Sunday, December 31, 2006

a journal

I bought one today at the nearest store. It's only a compact red notebook, something to be carried around inconspicuously. It was on impulse that I got one at all--I looked at it, thought about all the things I've been thinking about, and said hey, why not? Ideas flow right in and then flutter right back out. I never have a chance to remember what it was. So I got this.

I never thought of myself as a thinking or writing person, but there is a sense of empowerment from writing this down.

This cafe, even with it's cheery decorations, makes me feel a little miserable. I had a couple of "friends" in Elysia, but I never felt comfortable around them. So I left for a few months, tried to block out the supernatural world that hovered about the very atmosphere. I attempted the everyday human life that existed before my entrance into the world of Others. Needless to say, it didn't work. I would notice an occasional feline that would stare at me as I walked by. Made me think shapeshifter. People with hats got me wondering what they were hiding in their muss of hair. Demons horns, perhaps?

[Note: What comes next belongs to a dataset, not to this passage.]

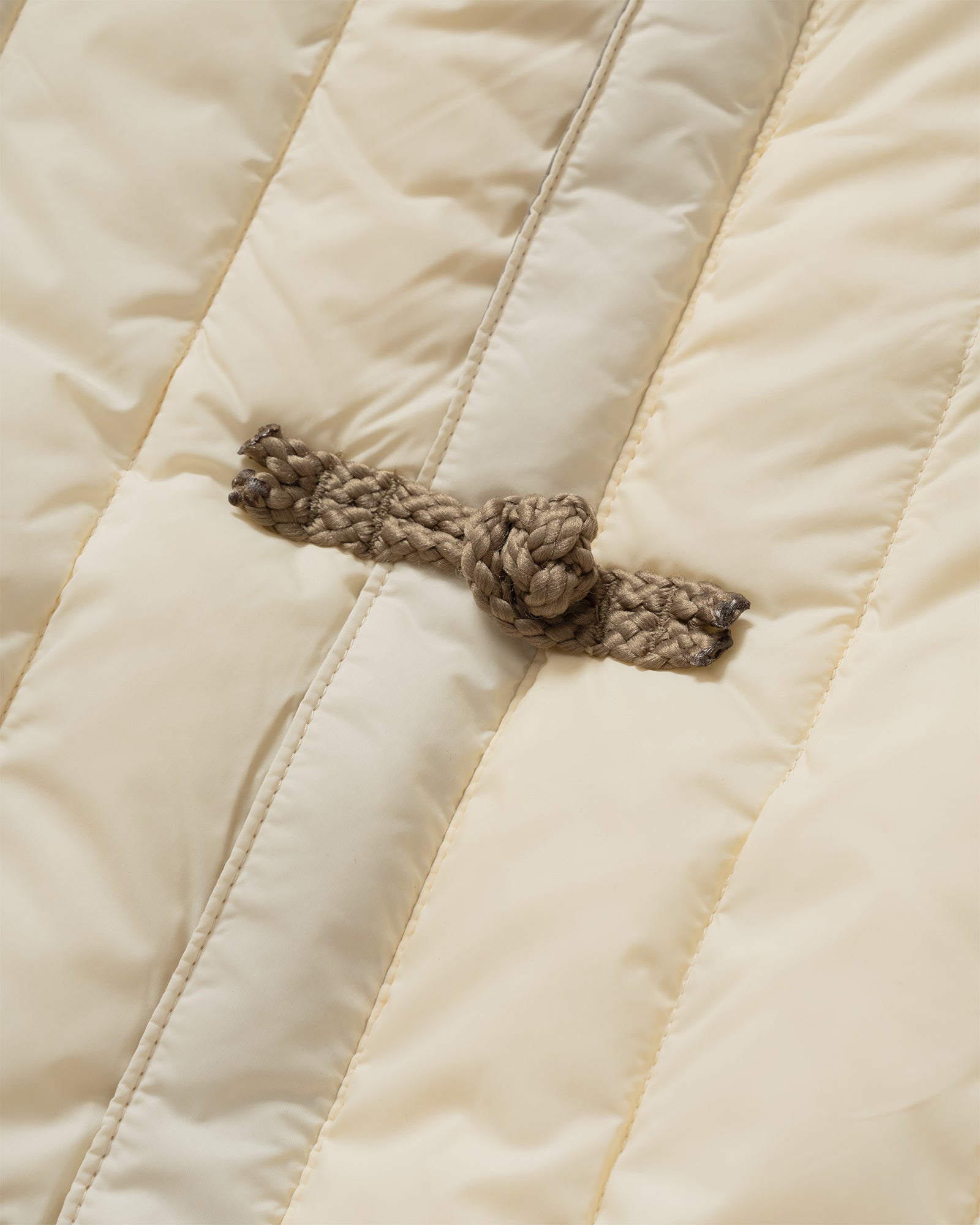 TAION - Reversible China Button Jacket Off White Sage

It makes me think back to my teenage years, where I'd sit in the corner of the classroom while the other kids puzzled over what to label me as. I wasn't smart, pretty, weird, funny, or anything like that. I don't like little children. I don't like animals (Borris is alright, I suppose). The only thing I actually liked was money, which I didn't have a lot of. Even now I'm beginning to think it's a little overrated.

It's funny how things don't change when you're an adult. In fact, it's almost hilarious how accurately everything's been reenacted. While I'm sitting by myself here, the Others are sitting at the tables across from me. If they weren't vampires, I might actually want to talk to them.

I'm going to be socially retarded for life.